Do you like how my story has progressed to the firemen saved my life? Who can take a nothing story and suddenly make it all seem worthwhile? Well, it's me girl and you should know it.
Speaking of old TV shows, AND I JUST WAS, stop being so young, I was next to a woman at work who had one of those commuter mugs, and it had a giant cursive L on it. "Oh, are you Laverne DeFazio?" I asked her, loving my own self as per usual. Loving me is easy cause I'm beautiful.
"?" said the poor girl sitting next to me, who just wanted to learn about our sign-up process for health insurance this year.
"Laverne. Laverne on Laverne and Shirley. How she always had the L-- Oh my God. Oh Edsel God. You're too young to know who that is."
It had not occurred to me until that moment that anyone would NOT know the ins and outs of Laverne and Shirley's lives. I mean, I refer to them so often. Basement apartments, obnoxious neighbors, boyfriends who go from rags to riches, milk and Pepsi. There are so many reasons to think about Laverne and Shirley. And now there are legions of actual adults with actual jobs NOT KNOWING WHO THEY ARE. It's like I'm Ethel Mertz talking about my days in vaudeville.
Actually, I mention them at work a lot, because remember my last job, where I got laid off with 40 other people? I see SO MANY of those people at my new workplace, and I often say, "This is like when Laverne and Shirley moved to LA, and then so did everyone else from the show, so even though they were in a whole new place, hey! There's Squiggy!"

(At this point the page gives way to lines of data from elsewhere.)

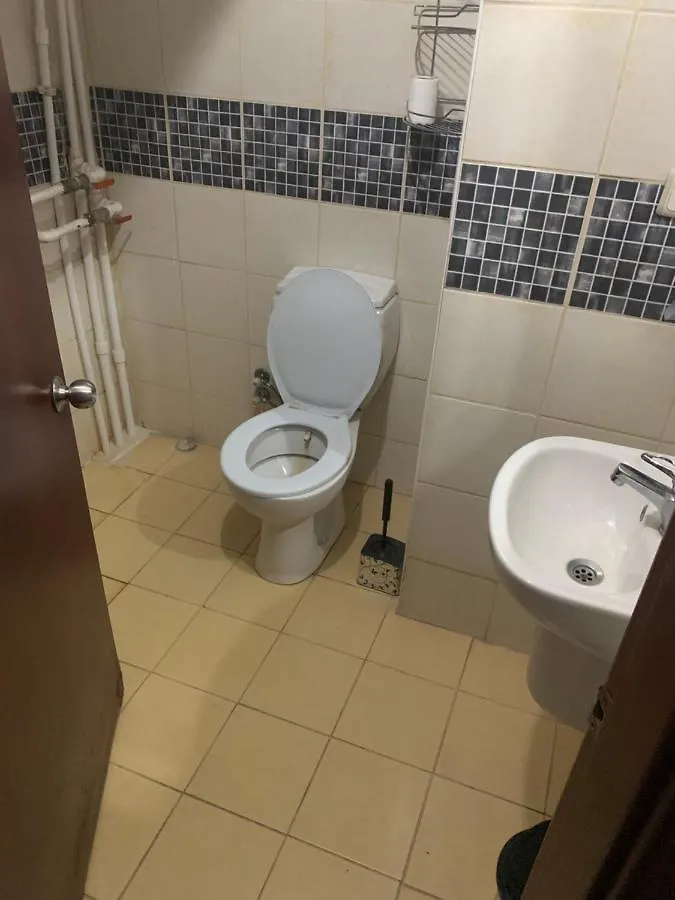 Altunlar Erkek Ogrenci Yurdu Hotel Ankara Guest house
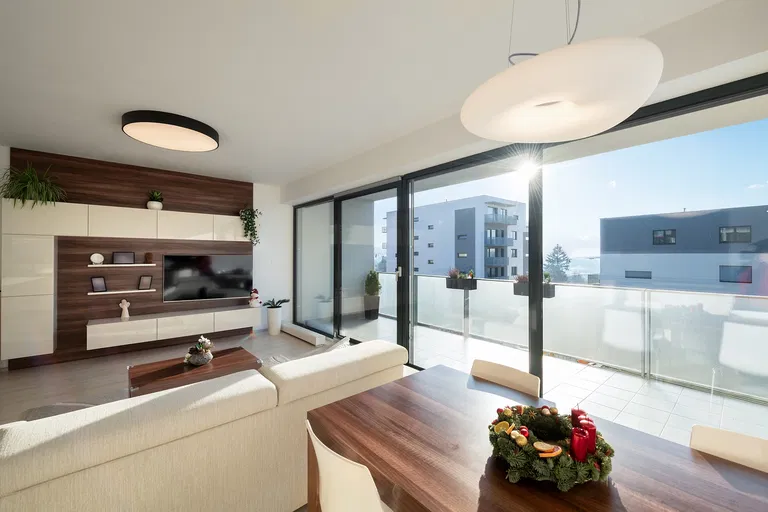 Jarmily Kurandové, Brno - Královo Pole - Brno-město | Sale, Apartment, Two-bedroom (3+kk), 100 m²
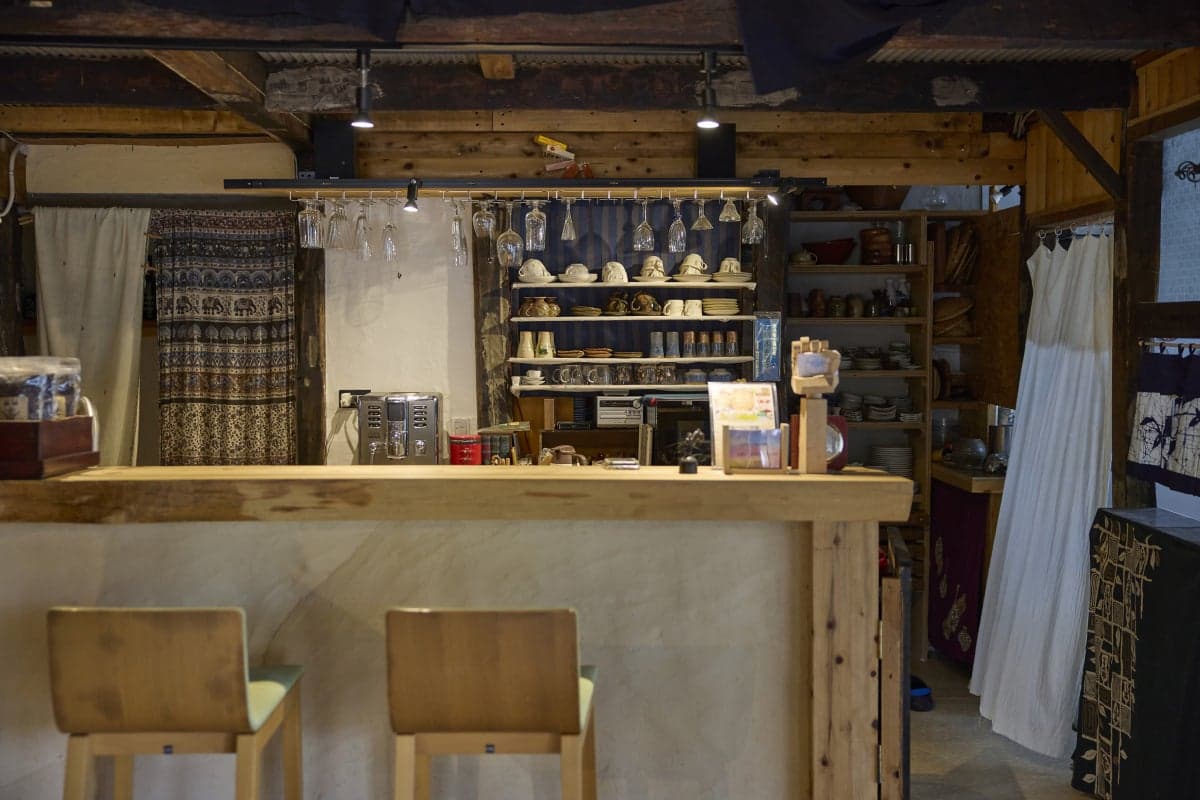 Chambre d’hote E
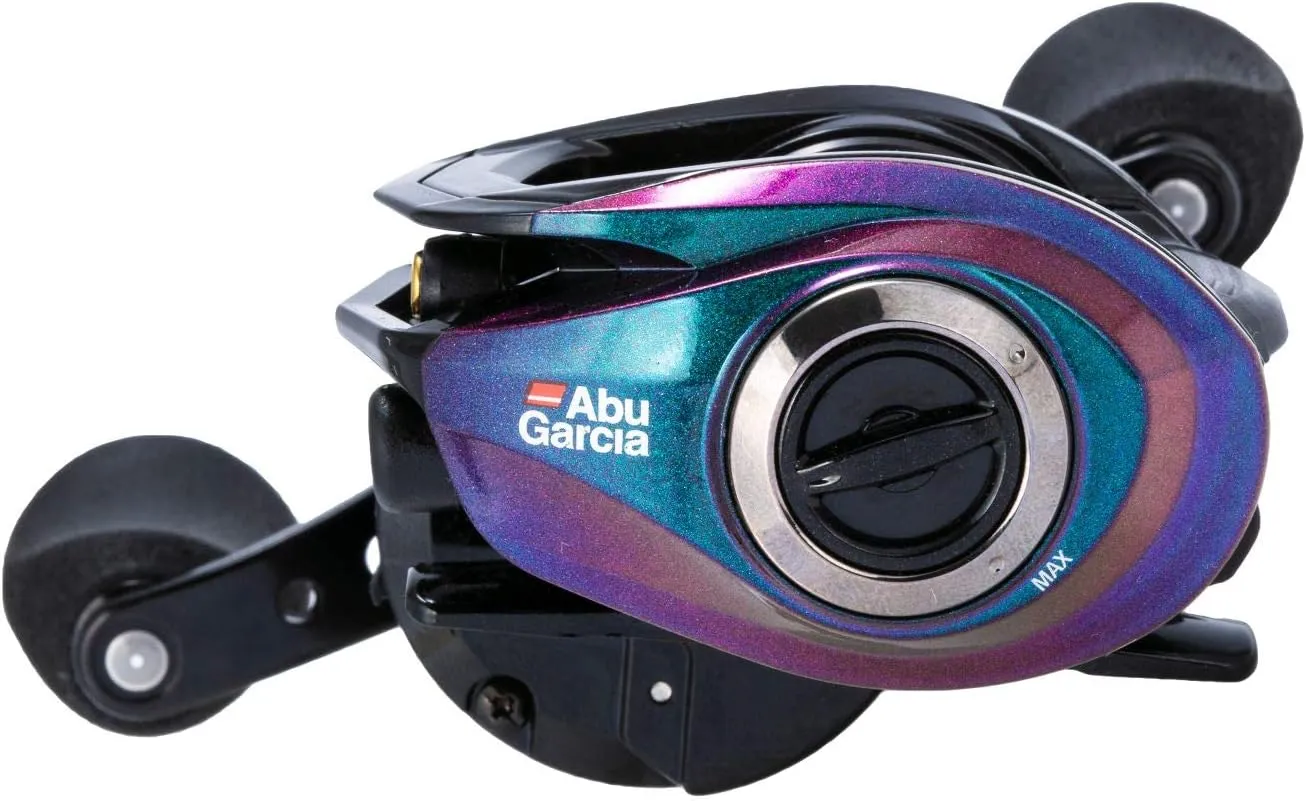 Abu Revo Ultra Cast Bait Finesse Abu Revo ULTRACAST BF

In fact, just the other day I ran into the artist (copy editor) formerly known as my next-cubicle neighbor, Jane West. She now sits two floors up from me. "Oh, hey! Your hair looks good!" she said. "Is it darker? It was..." she struggled to describe it for some reason. "It was more...blonder before."
Wow.
"What exactly do you do for a living?" I asked her. More blonder.
Anyway, I have to go. We get this thorough health check thing at work today for our insurance--INsurance, as they pronounce it here, and the other day I heard myself say it that way and got annoyed with me--but before that I may or may not be getting Botox. So we are supposed to be fasting and yet I will have botulism coursing through my veins.
Cannot wait for my results. "Everything looks good. Except you have a mild case of botulism."
And in case you wondered if Lily is still pretty, she is. Also she adores the webcam, still. NO ONE LIKES THE WEB CAM. She's just like Laverne's stepmother.